What you have to do:
The lines from the one containing "Dell Pro E2225HM" through the last one in the data: please copy those exactly, and only those, without the pictures.

►

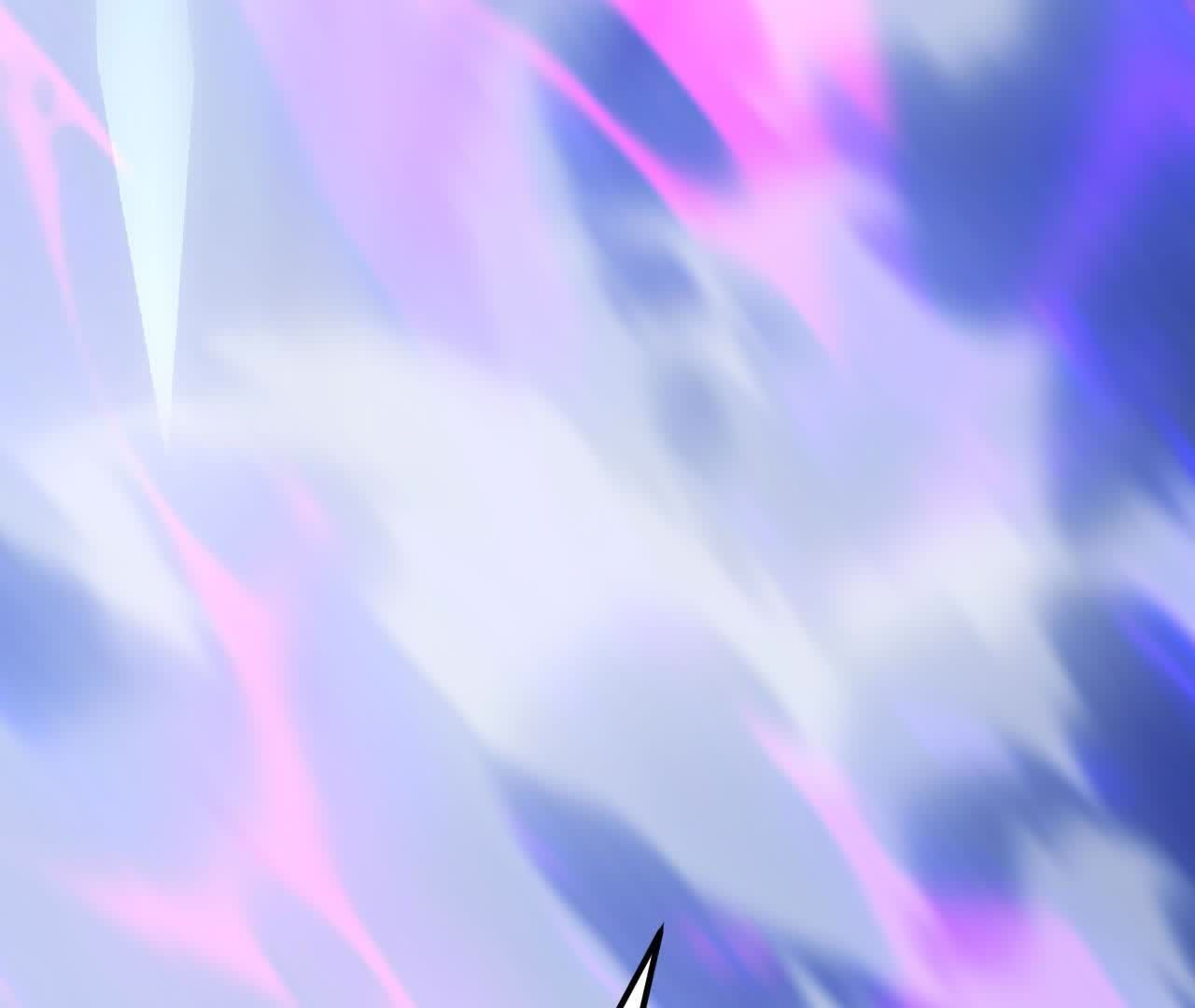 271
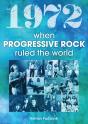 1972 - Preview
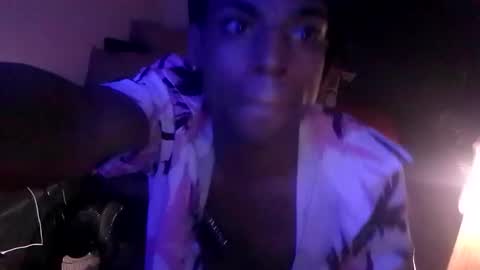 magiicboo online show from 16, 12, 2025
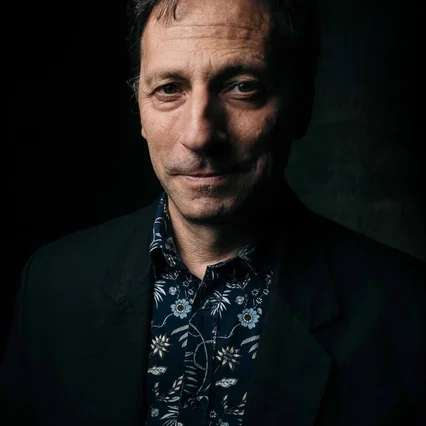  Dario Costa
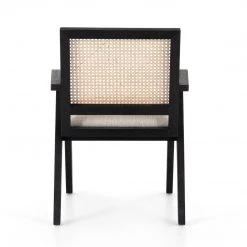 Fourhands Flora Dining Chair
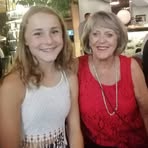 June Stirling - Facebook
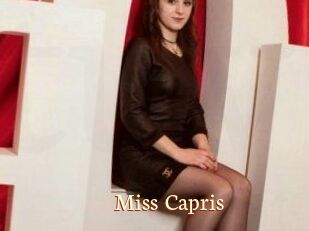 Miss_Capris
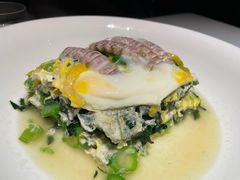 -怡情荟•海鲜青岛菜(五四广场旗舰店)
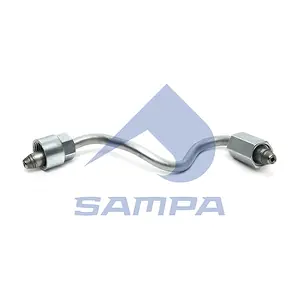 0102 031 SAMPA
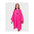 DRYROBE Handtuchmantel Bio KIDS Kids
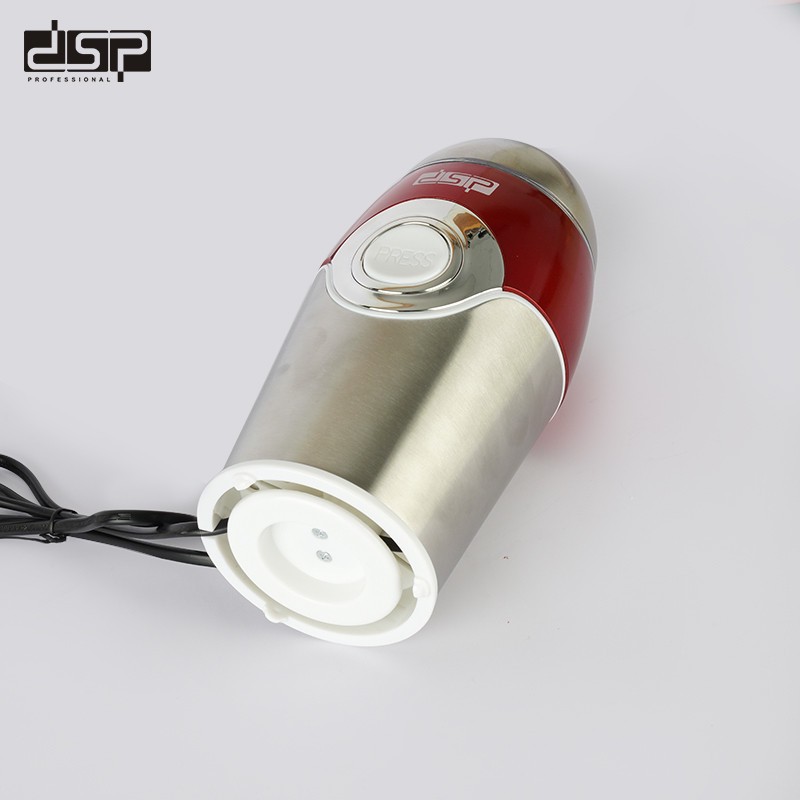 آسیاب دی اس پی مدل KA3001 مدل 1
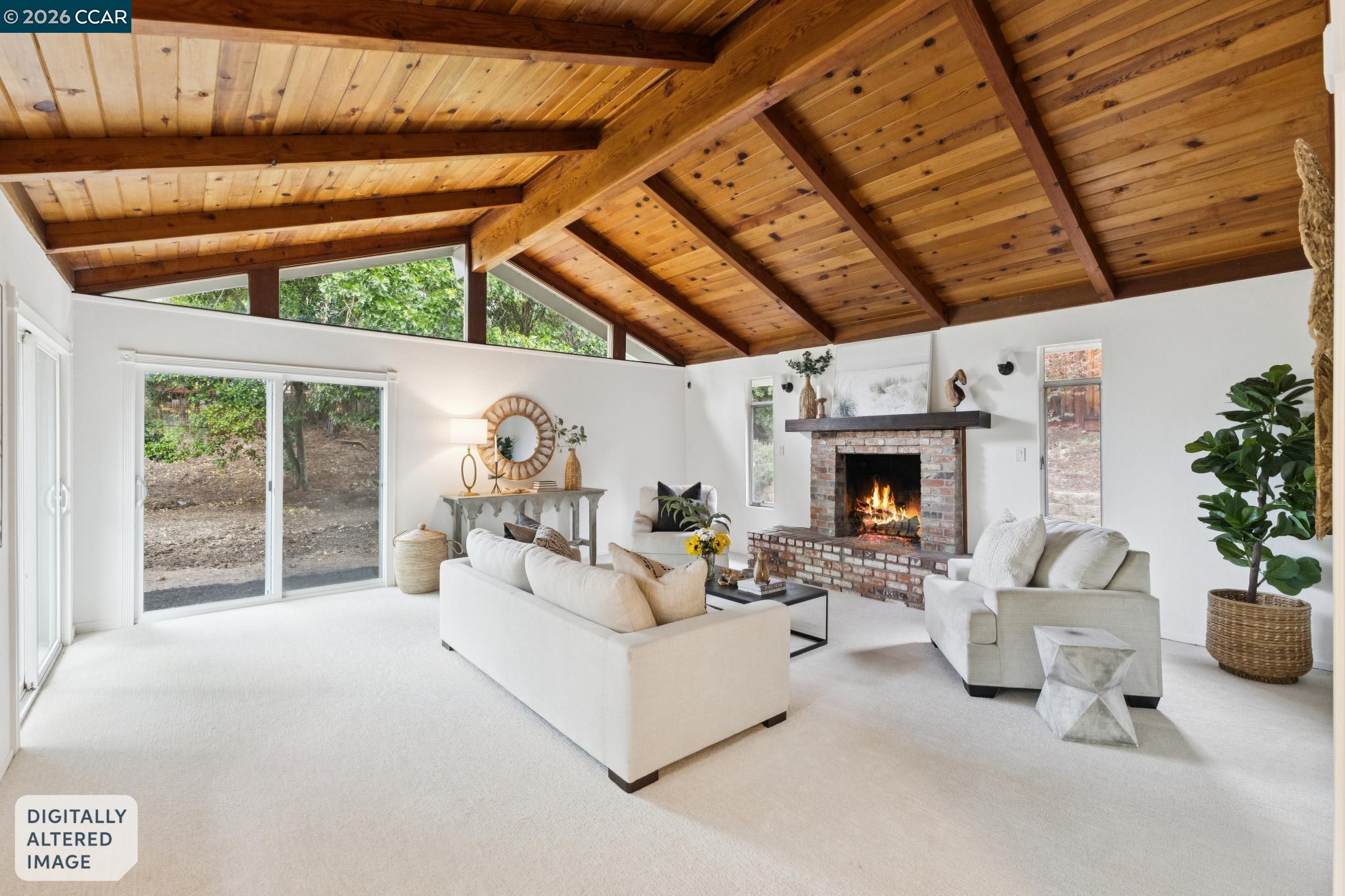 175 Verde Mesa Dr, Danville, CA, 94526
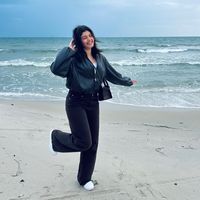 dorsafbarreh
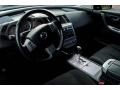 Platinum Pearl Metallic - Murano SL AWD Photo No. 13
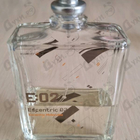 Отзыв Escentric Molecules Escentric 02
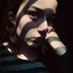 Profile Picture of Haylee Gibbs (@GibbsHaylee) on Twitter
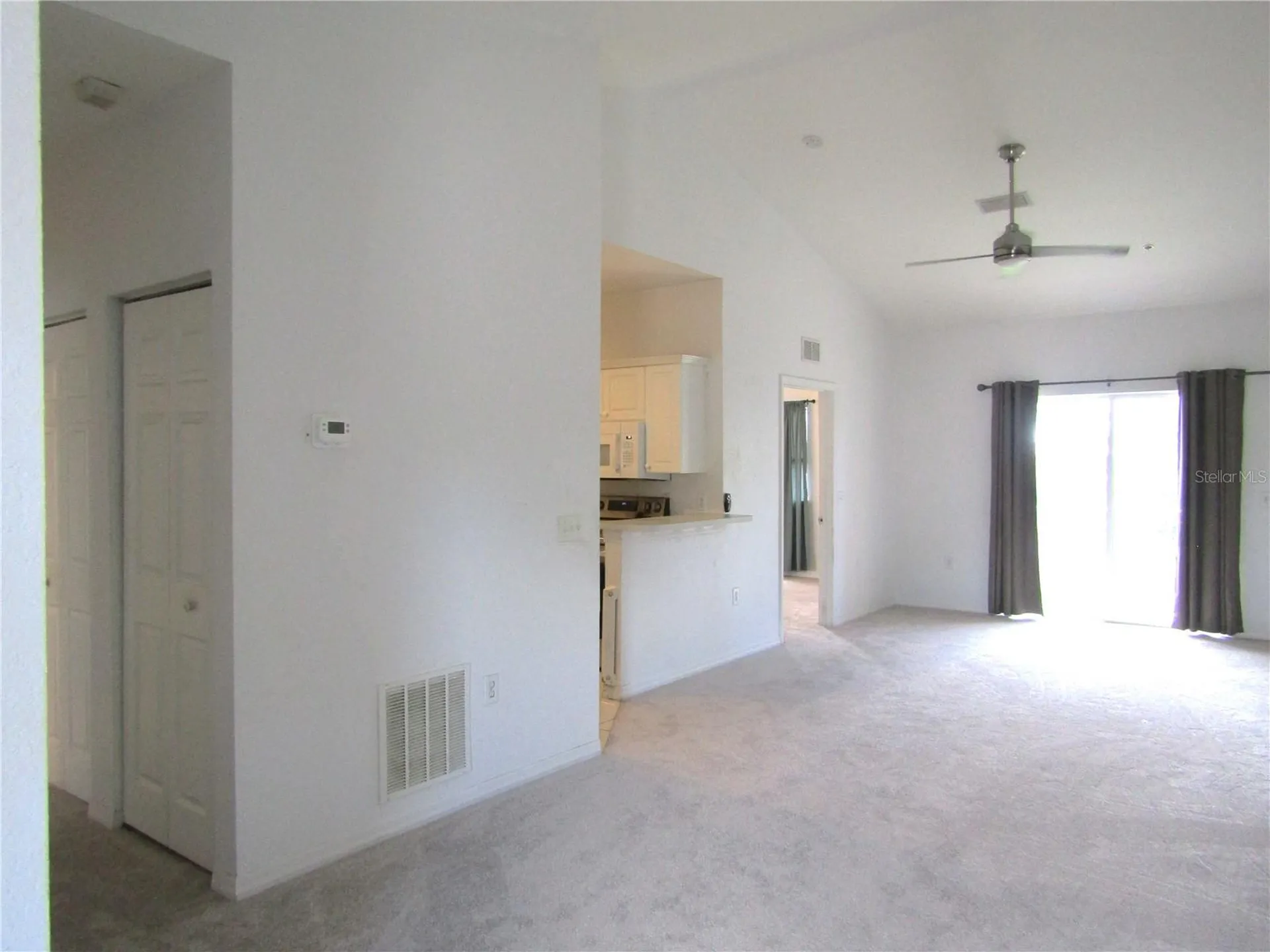 3966 Mediterranea Circle Sarasota FL 34233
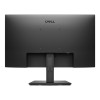 Dell Pro E2225HM 21.5" VA Full HD 100Hz 5ms VGA HDMI Displayport Business Monitor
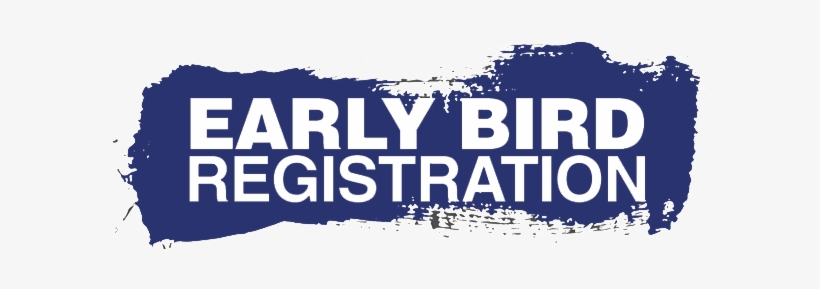 Brisbane Etchells - Early Bird Ending Soon, transparent png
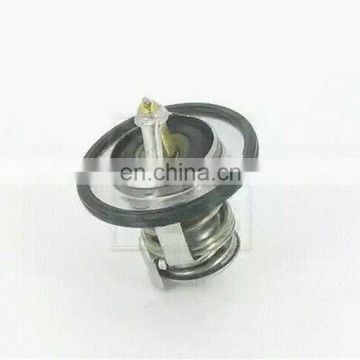 Thermostat  for NISSAN OEM 90048-33056-000 9094833047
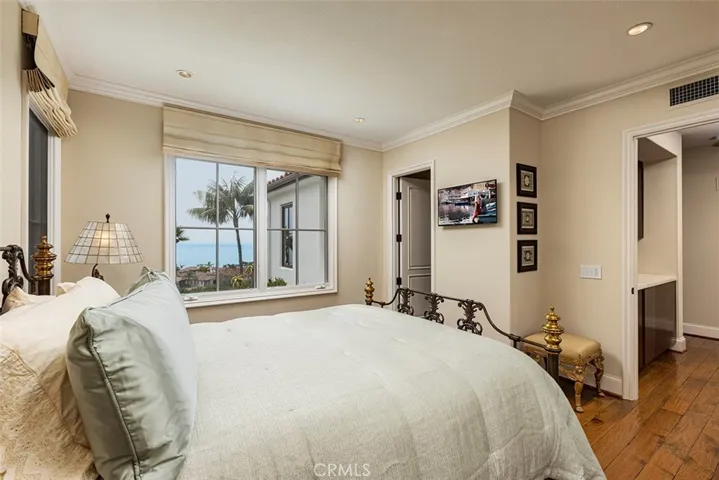 42 Timor Sea, Newport Coast, California 92657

◄

Answer to this problem:
 Dell Pro E2225HM 21.5" VA Full HD 100Hz 5ms VGA HDMI Displayport Business Monitor
 Brisbane Etchells - Early Bird Ending Soon, transparent png
 Thermostat  for NISSAN OEM 90048-33056-000 9094833047
 42 Timor Sea, Newport Coast, California 92657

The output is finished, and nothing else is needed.